But Mexico has made such promises before, only to be overtaken by events. In 1984 and 1985 the country promised to try to reduce its deficit from 10% of the gross domestic product to 5%. Then came the dramatic drop in world oil prices that wiped out billions of dollars in revenue. Mexicans with capital, alarmed by their economy’s nose dive, continued to sneak money needed for investment out of the country and into bank accounts in the United States. Despite its promises and good intentions, Mexico’s deficit now stands at 12% of the gross product.

Volcker and Silva Herzog have turned the trick once more, but it may be the last time that it can be done with traditional methods. Mexico must think now in terms not of rescue but of rehabilitation along the economic ground rules of the IMF.

The changes that the IMF wants will require fundamental shifts in Mexico’s economic and political systems, which have been closely linked since Mexico adopted its constitution in 1917. Changes in such a longstanding system cannot be made abruptly without risking economic and political upheaval. Mexico should not be asked to bear all the risk of dramatic change. The international financial community, which insists on the new directions, should share the risk by providing a cushion for change. One way to do that would be to allow Mexico to declare a “conciliatory default.” In that way the banks could treat Mexico like a private company that files for a Chapter 11 bankruptcy, allowing it time to reorganize, to write off some of its debt, in effect to start over.

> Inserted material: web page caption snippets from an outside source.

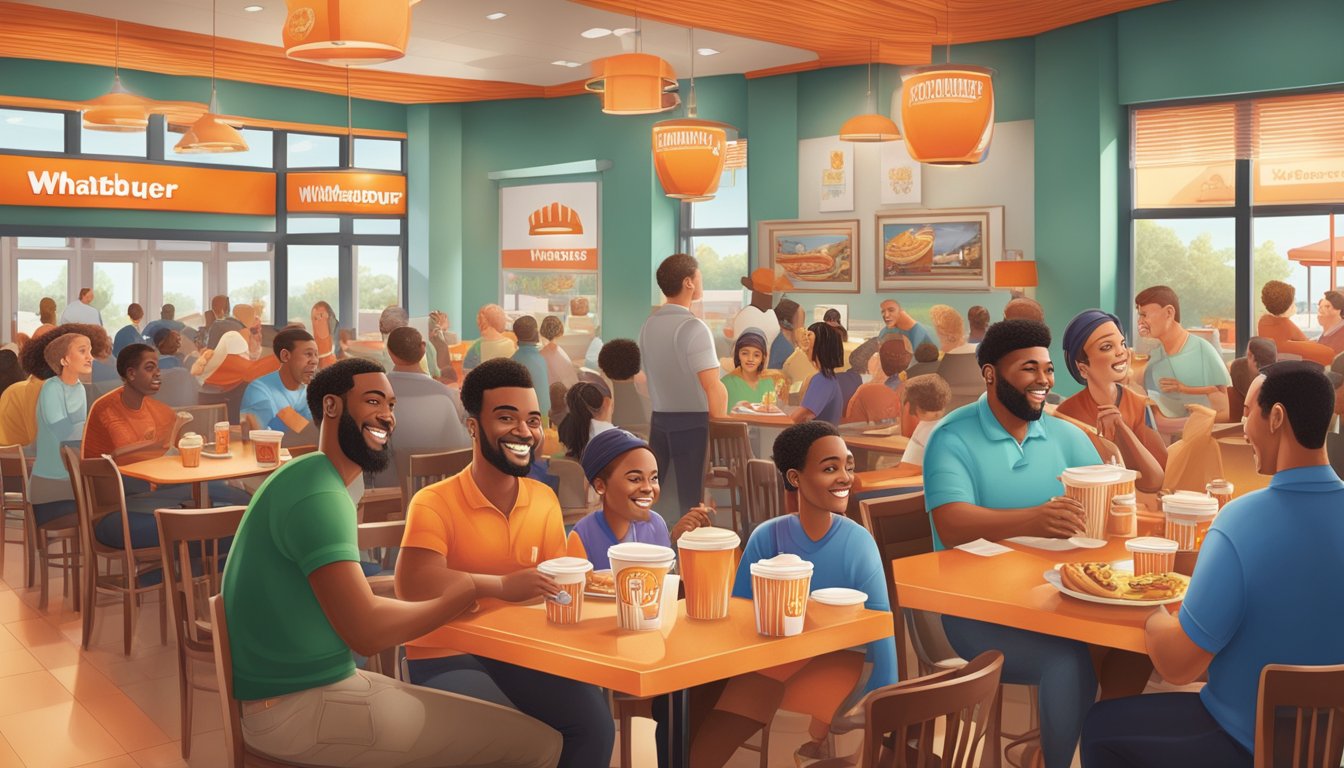 A bustling Whataburger restaurant at breakfast time, with a diverse group of celebrity fans enjoying their meals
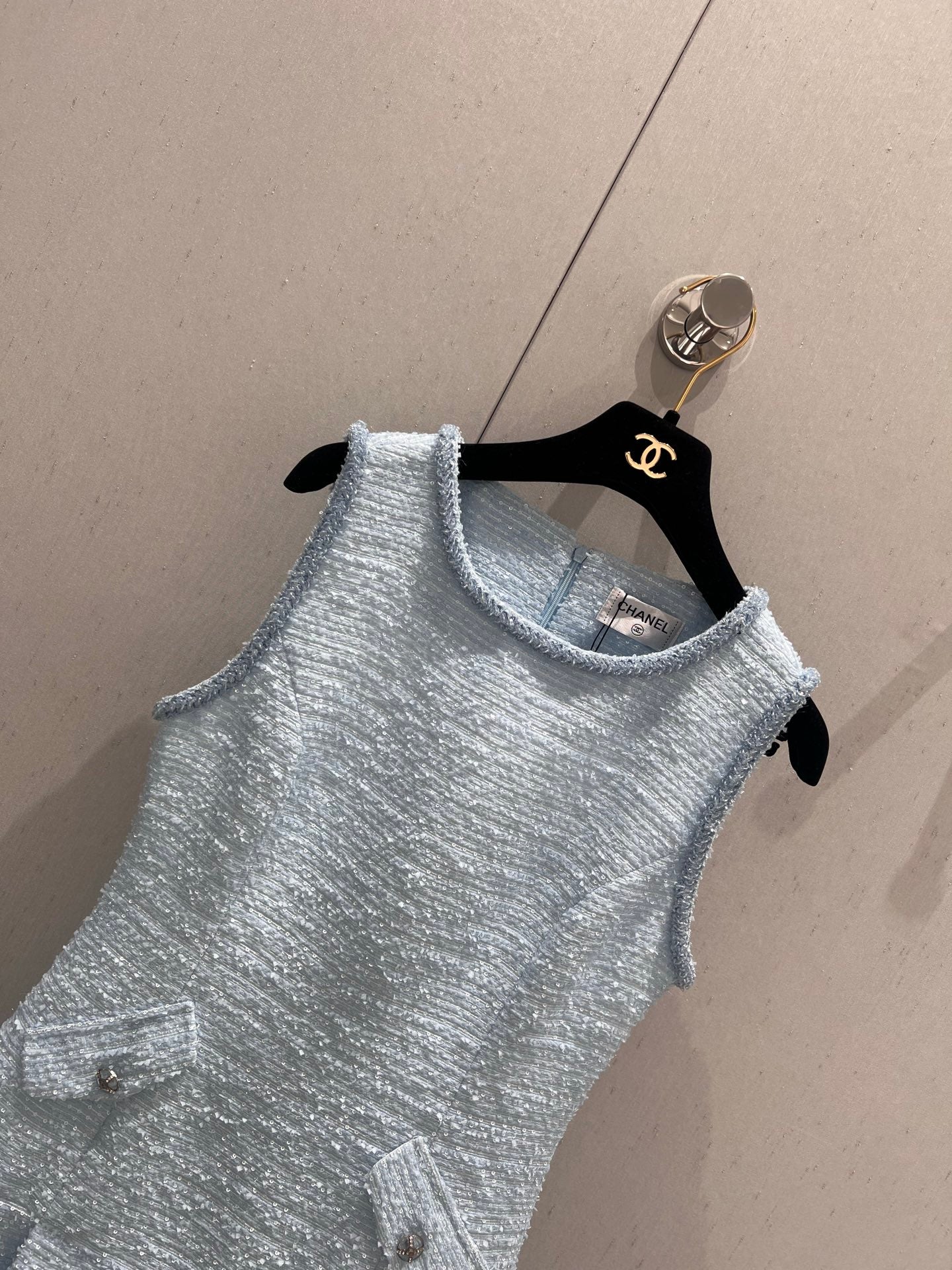 CC 25 Tweed Dress Blue Woven Fabric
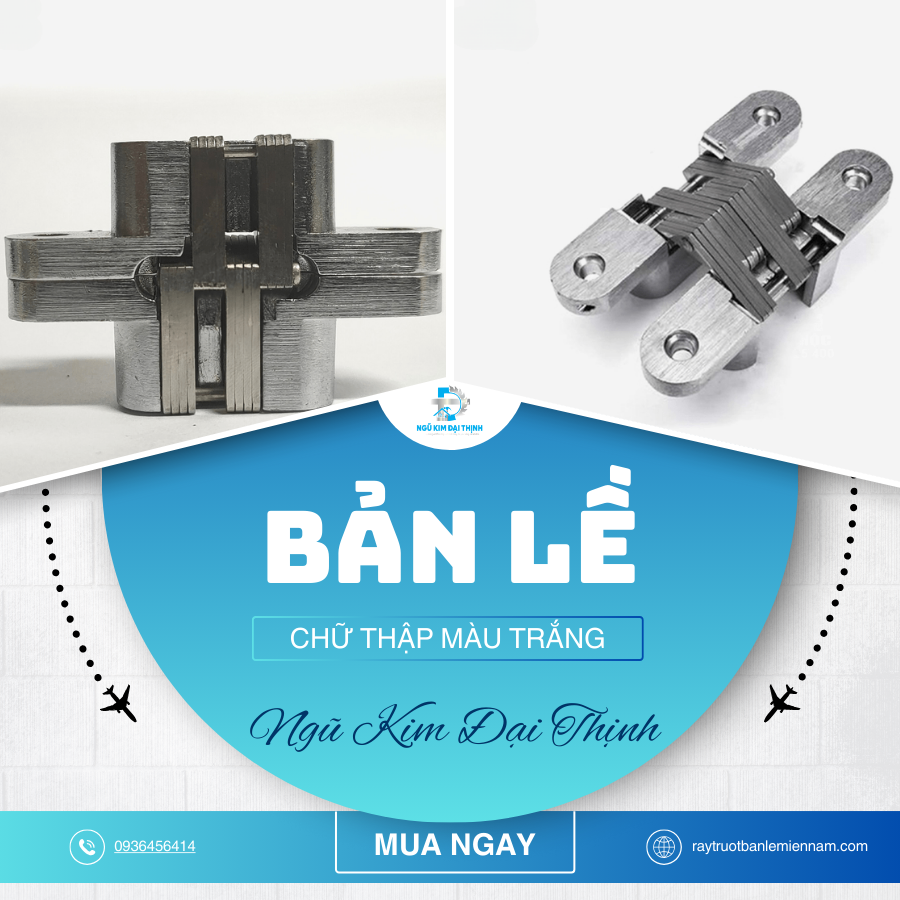 Bản lề chữ thập màu trắng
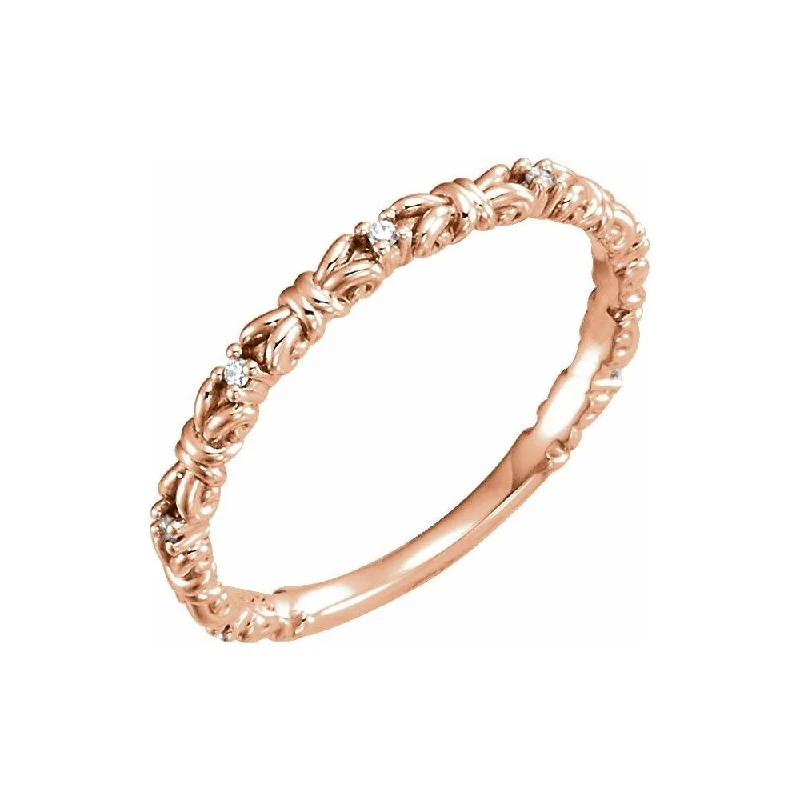 Women’s custom rings-14K Rose Gold .04 CTW Diamond Stackable Ring for Women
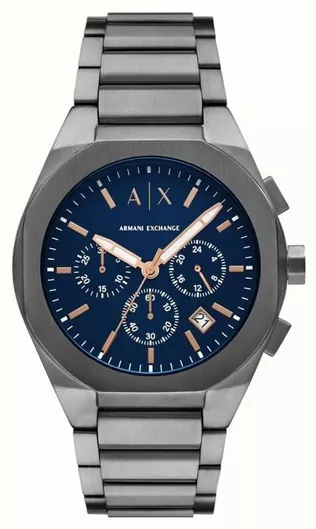 Ανδρικό Ρολόι Armani Exchange Χρονογράφος Μπαταρίας με Γκρι Μεταλλικό Μπρασελέ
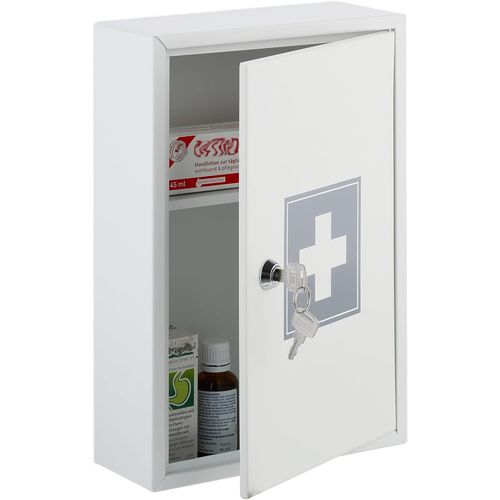 Subzonal-Relaxdays Armoire À Pharmacie, Verrouillable, 2 Niveaux, Acier, Hxlxp: 32x21,5x8 Cm, Accrocher, Blanc - Gris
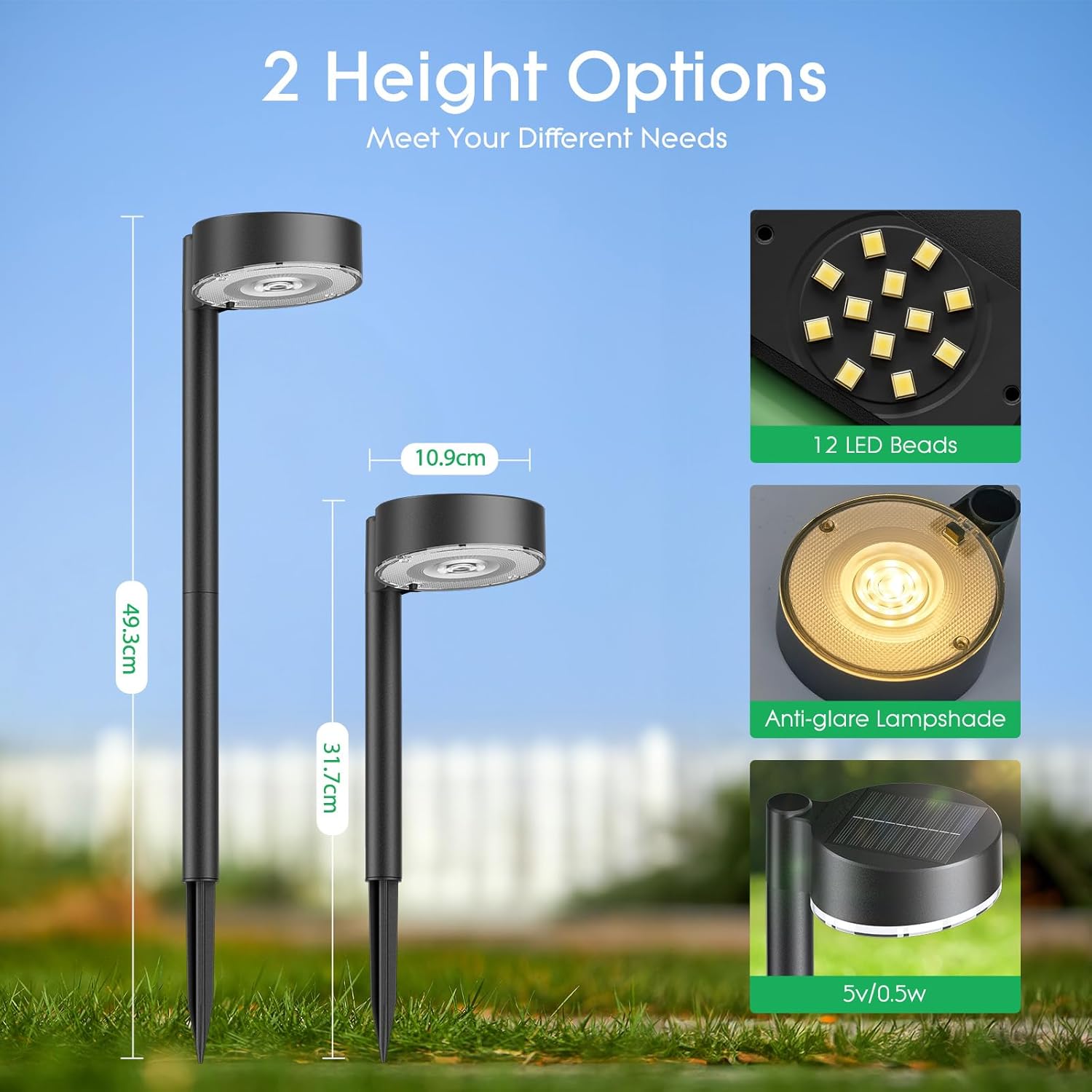 Thumbnail 3 de BUCASA Solarlampen für Außen Garten (6er-Set) mit 3000K warmweißem LED-Licht, IP65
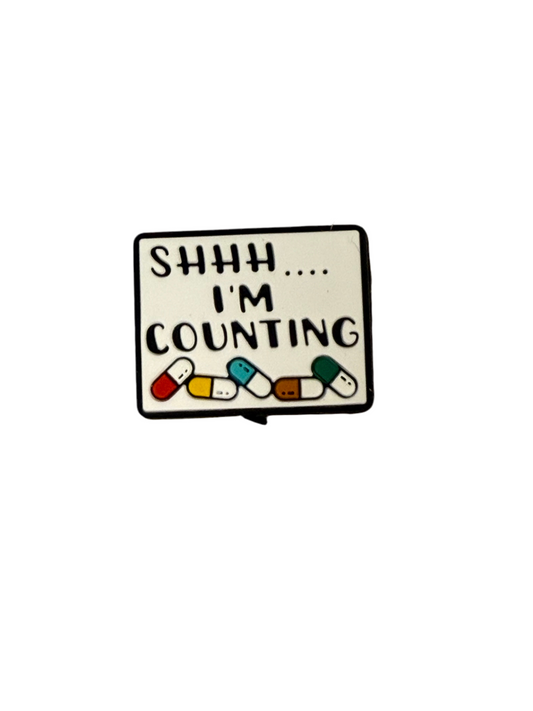 F/C25- (1)PC 1.1" SHHH.... I'M COUNTING Focal Bead for DIY Keychains, Wristlets, Cup Charms, Car Charms ETC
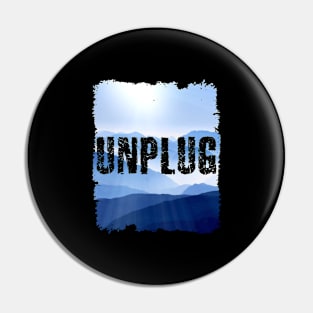 Unplug Colorful Grunge Edges Wall mountainbluerange Design Pin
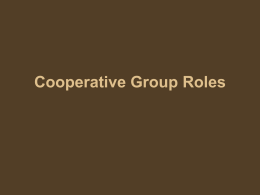 Cooperative Group Roles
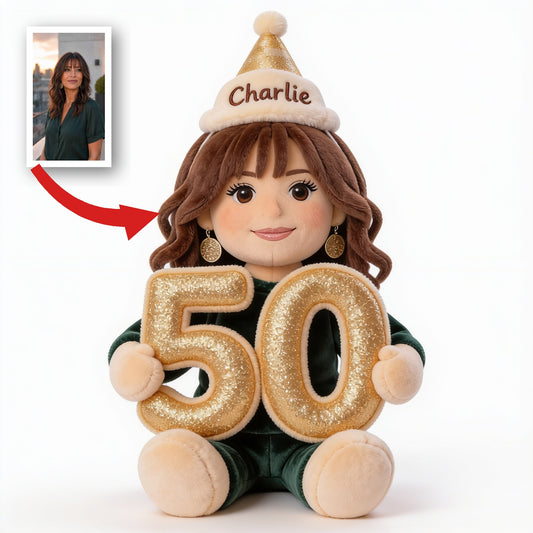 Personalized 50th Birthday Older Latina Woman Plush Faux Fur Pillow Milestone Gift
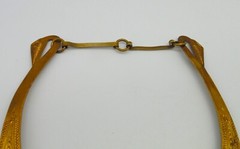 RARE Vintage Signed THAILAND Etched BRASS Collar Necklace ~ KITTY CATS W/ BELLS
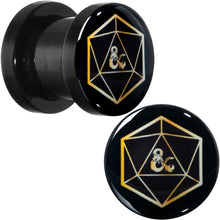 Load image into Gallery viewer, Licensed Dungeons &amp; Dragons D20 Dice Black Screw Fit Plug Set

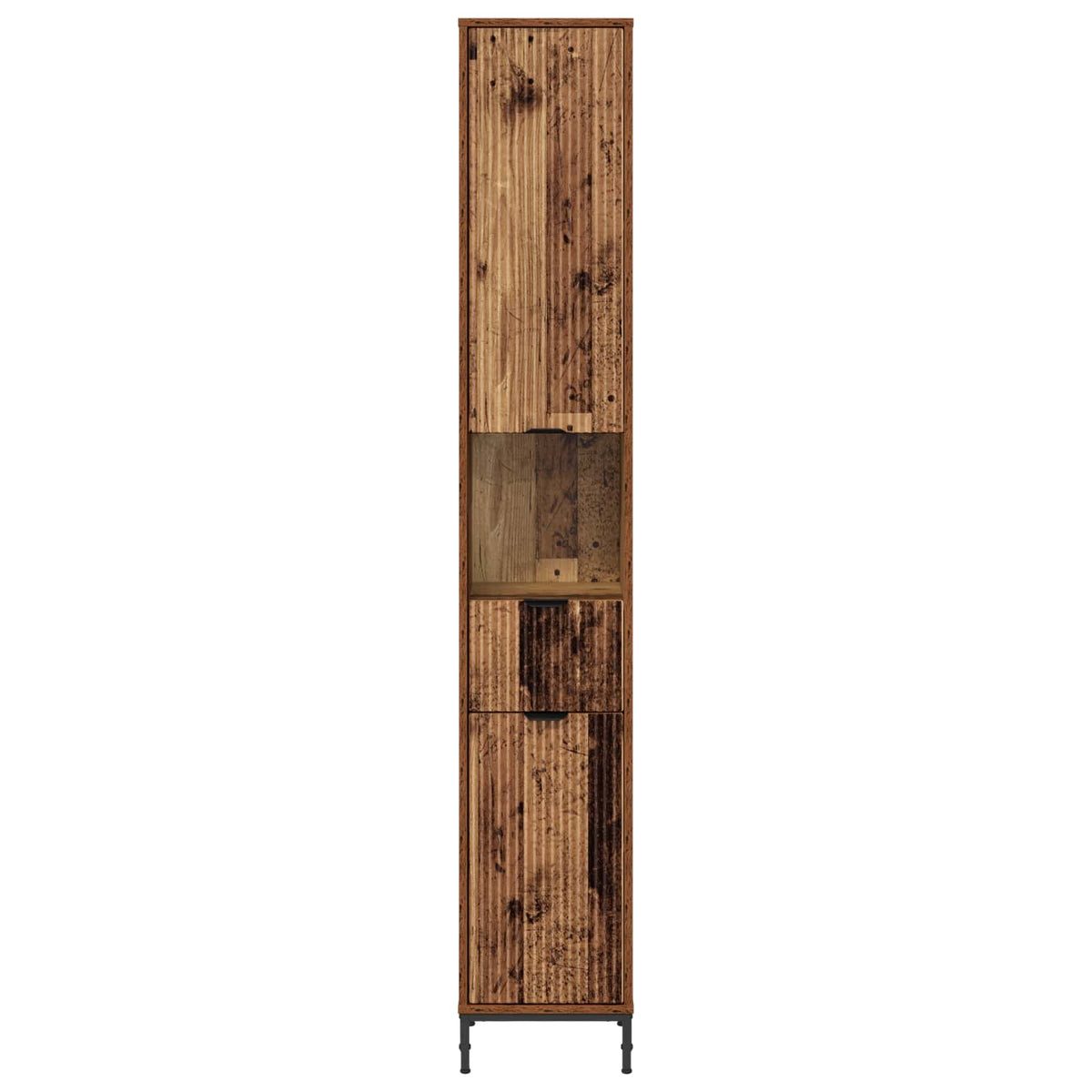 Badkamer Kast Oud Hout 31,5 x 33 x 190 cm Bewerkt hout, Metaal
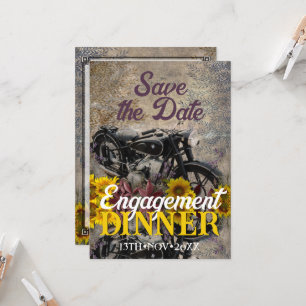 Rustige Boheemse Sunflower Motorbike Dinner Party Kaart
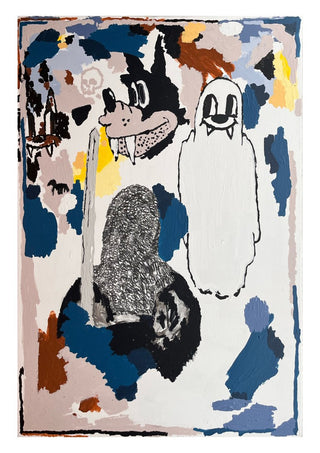 I CRACKED THE BED, THE GHOST WAS UNDER by Oscar Birch - a white ghost and a cartoon wolf in acrylic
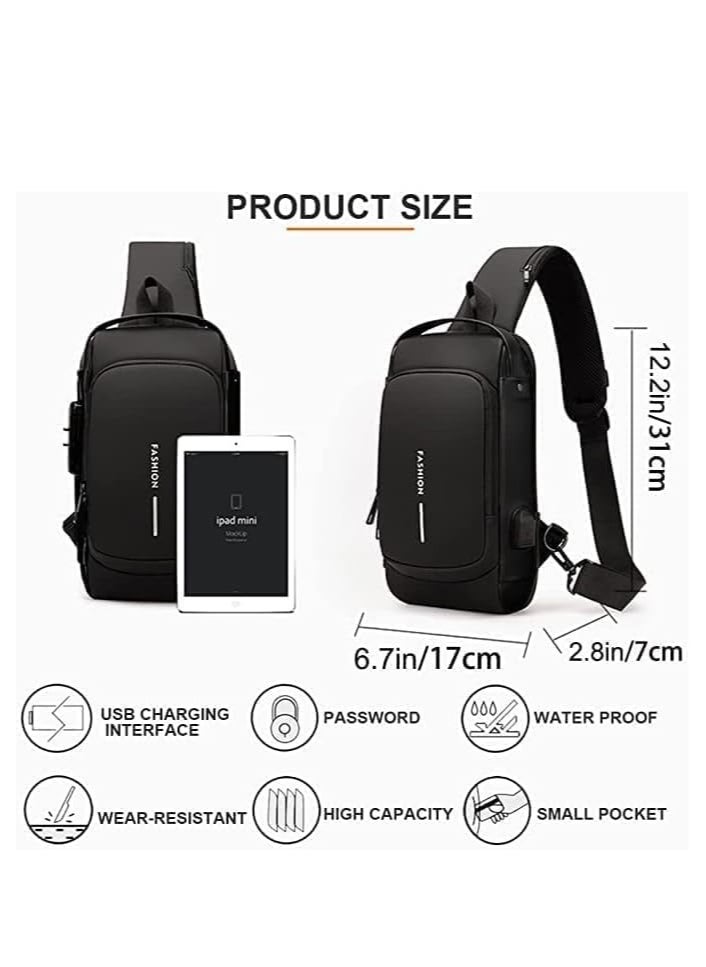 MXM Crossbody Sling Bag Shoulder Backpack, Anti-theft Chest Waterproof Bag One Strap Sling Bags with USB Charging Port for Hiking Cycling Travelling Outdoor.  ( Black )  - Image 2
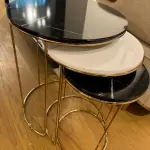Ferozzi Modern Round Nesting Table Set with Black Marble-Style Tops and Gold Metal Frames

The process would not have to be called a default of any kind. The Mexicans and their bankers could call it anything that they wanted to as long as the act itself gave the Mexican people renewed confidence in their economy and government. A quiet default would especially help the average Mexicans suffering through an austerity program so harsh that their standard of living has been cut to what it was 25 years ago.

A conciliatory default would give the Mexican economy years of breathing space rather than a few weeks or months. If default seems out of the question, the world banking community must look for alternatives. The most likely alternative is that if the pressure stays on in Mexico, the nation may very well collapse into total default. That should make a soft default look good.